15
votes

I'm trying to switch from reading csv flat files to avro files on spark. following https://github.com/databricks/spark-avro I use:

import com.databricks.spark.avro._
val sqlContext = new org.apache.spark.sql.SQLContext(sc)
val df = sqlContext.read.avro("gs://logs.xyz.com/raw/2016/04/20/div1/div2/2016-04-20-08-28-35.UTC.blah-blah.avro")

and get

java.lang.UnsupportedOperationException: This mix of union types is not supported (see README): ArrayBuffer(STRING)

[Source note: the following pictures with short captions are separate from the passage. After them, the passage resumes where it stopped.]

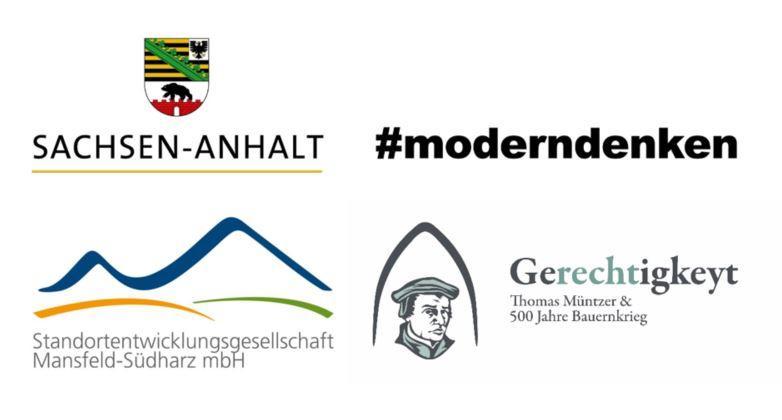 3 Logos: oben Sachsen-Anhalt #moderndenken, unten links Standortentwicklungsgesellschaft Mansfeld-Südharz mbH, unten rechts Gerechtigkeyt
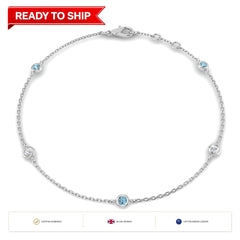 0.20Ct Round Aquamarine & Diamond Designer Bracelet 9k White Gold
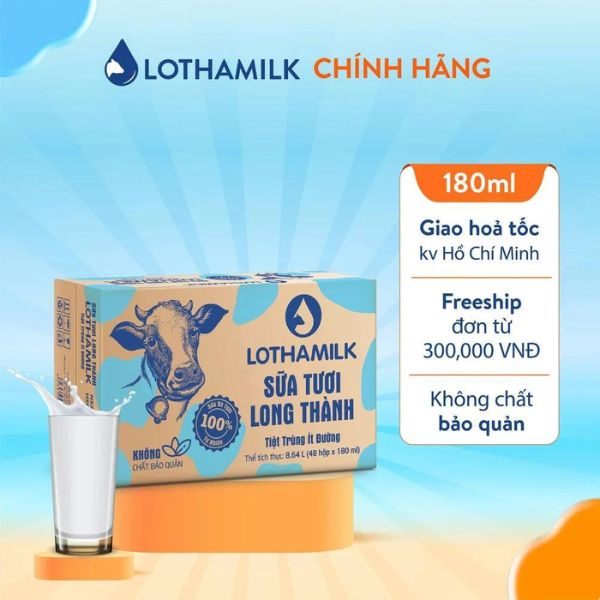 SỮA TƯƠI TIỆT TRÙNG LONG THÀNH ÍT ĐƯỜNG 180ML (48H/THÙNG)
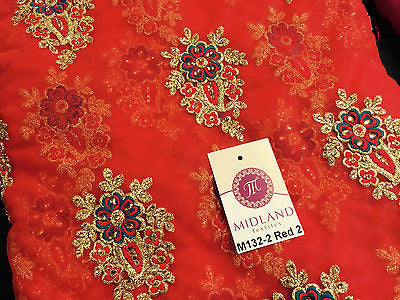 Indian Stone Embellished Embroidered Tulle net dress fabric 44' Wide M132 - Midland Textiles & Fabric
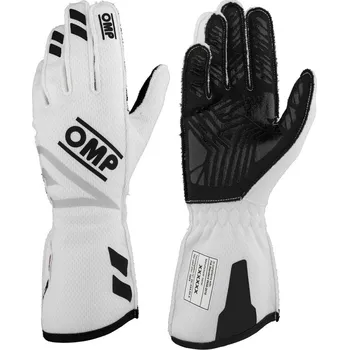 Módní doplněk Závodní rukavice OMP ONE EVO FX s homologací FIA (vnější švy), bílé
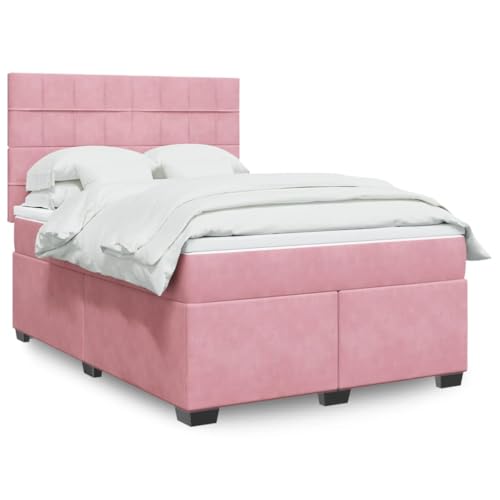 Teenpull Samt Boxspringbett Rosa 140x200 cm, gepolstertes Bett mit Taschenfederkernmatratze, höhenverstellbarem Kopfteil, modernes Schlafzimmer Möbelstück für erholsamen Schlaf Teenpull Samt Boxspringbett Rosa 140x200 cm, gepolstertes Bett mit Taschenfederkernmatratze, höhenverstellbarem Kopfteil, modernes Schlafzimmer Möbelstück für erholsamen Schlaf von Teenpull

the readme file states clearly:

This library supports reading all Avro types, with the exception of complex union types. It uses the following mapping from Avro types to Spark SQL types:

when i try to textread the same file I can see the schema

val df = sc.textFile("gs://logs.xyz.com/raw/2016/04/20/div1/div2/2016-04-20-08-28-35.UTC.blah-blah.avro")
df.take(2).foreach(println)

{"name":"log_record","type":"record","fields":[{"name":"request","type":{"type":"record","name":"request_data","fields":[{"name":"datetime","type":"string"},{"name":"ip","type":"string"},{"name":"host","type":"string"},{"name":"uri","type":"string"},{"name":"request_uri","type":"string"},{"name":"referer","type":"string"},{"name":"useragent","type":"string"}]}}

<------- an excerpt of the full reply ------->

since I have little control on the format I'm getting these files in, my question here is - is there a workaround someone tested and can recommend?

I use gc dataproc with

MASTER=yarn-cluster spark-shell --num-executors 4 --executor-memory 4G --executor-cores 4 --packages com.databricks:spark-avro_2.10:2.0.1,com.databricks:spark-csv_2.11:1.3.0

any help would be greatly appreciated.....

1
you can use newHadoopApi for reading avro files - you'll need to use core api of spark and not sql-api. any special reason not to use it?Igor Berman

1 Answers

3
votes

You won't find any solution that works with Spark SQL. Every column in Spark has to contain values which can be represented as a single DataType so complex union types are simply not representable with Spark Dataframe.

If you want to read data like this you should use RDD API and convert loaded data to DataFrame later.